In summary, in the method for obtaining the remaining energy of the battery provided by the embodiment of the invention, the average power of the battery pack of the vehicle in a past period (driving condition) is predicted to be the average power of the single battery in a future period, and the remaining available energy of the battery pack is accurately calculated, so that the vehicle can safely drive in the future period.

The above description is only a preferred embodiment of the present invention, and does not limit the present invention in any way. It will be understood by those skilled in the art that various changes, substitutions and alterations can be made herein without departing from the spirit and scope of the invention as defined by the appended claims.

Claims

1. A method for obtaining the residual energy of a battery is characterized by comprising the following steps:

acquiring the average output power of the single battery in a future period of time through the average output power in the past period of time, recording the average output power as second output power, and taking the second output power as the average power;

acquiring the charge state and temperature of a single battery;

2. The method for acquiring remaining energy of a battery according to claim 1, wherein the method for acquiring the first output power comprises:

3. The method for acquiring the remaining energy of the battery according to claim 1, wherein the battery pack is composed of a plurality of unit batteries connected in parallel.

4. The method for acquiring the remaining energy of the battery according to claim 1, wherein the battery pack is composed of a plurality of unit batteries connected in series.

5. The method for acquiring the remaining energy of the battery according to claim 3 or 4, wherein the method for acquiring the average power comprises:

6. The method for acquiring remaining energy of a battery according to claim 5, wherein acquiring the state of charge of the battery comprises: and acquiring the initial battery charge state and the cut-off battery charge state of the discharge of the single battery.

7. The method for acquiring remaining energy of a battery according to claim 6, wherein the method for acquiring a cut-off state of charge of a battery comprises:

8. The method for obtaining battery residual energy according to claim 7, wherein the method for obtaining the cut-off battery state of charge of the unit battery by the initial battery state of charge and the minimum battery state of charge comprises:

SOC_final＝SOC_start-SOC_min

9. The method according to claim 8, wherein the battery state of charge at different average powers corresponds to the output energy as follows:

wherein: e is an outputEnergy, P is the average power of the single battery; OCV is the open circuit voltage of the unit cell; r is the ohm internal resistance, SOC of the single battery_startIs the initial battery state of charge, SOC, of the single battery_finalThe cut-off state of charge of the cell, and CAP is the capacity of the cell.
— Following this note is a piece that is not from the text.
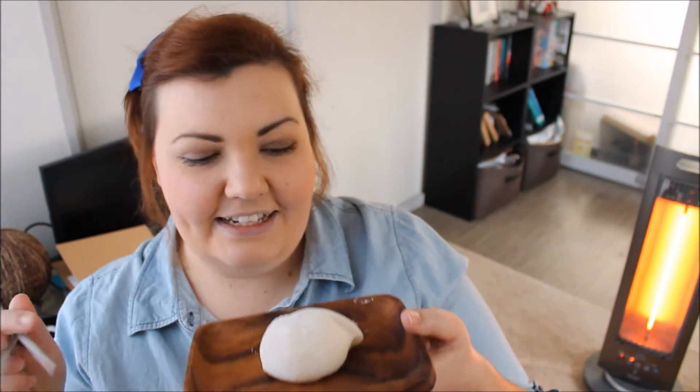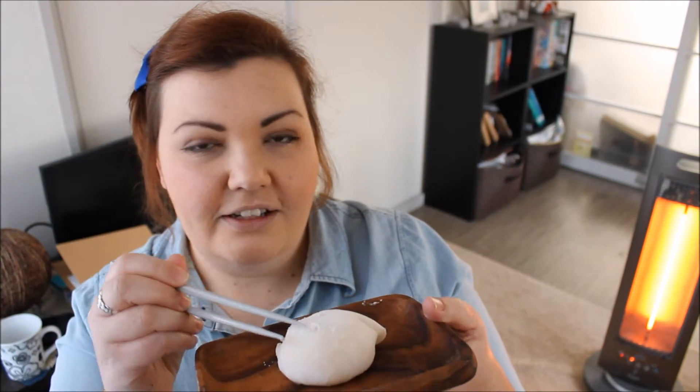So this is Ichigo Daifuku Mochi. Daifuku Mochi is actually probably one of the more common and popular types of Wagashi that you'll find. It's pretty much sold in a lot of places, and a lot of times you'll see it with the traditional anko filling. Ichigo Mochi is kind of a subcategory of Daifuku Mochi.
10. The method for obtaining the remaining energy of the battery according to claim 9, wherein three-dimensional graphs of the average power, the state of charge of the battery and the output energy at different temperatures are established, and the method for obtaining the remaining energy of the single battery through the three-dimensional graphs of the average power, the state of charge of the battery and the output energy comprises the following steps:

11. The method for acquiring remaining energy of a battery according to claim 10, wherein the method for acquiring remaining energy of a battery pack from remaining energy of a unit battery comprises: all the cell remaining energy is added up.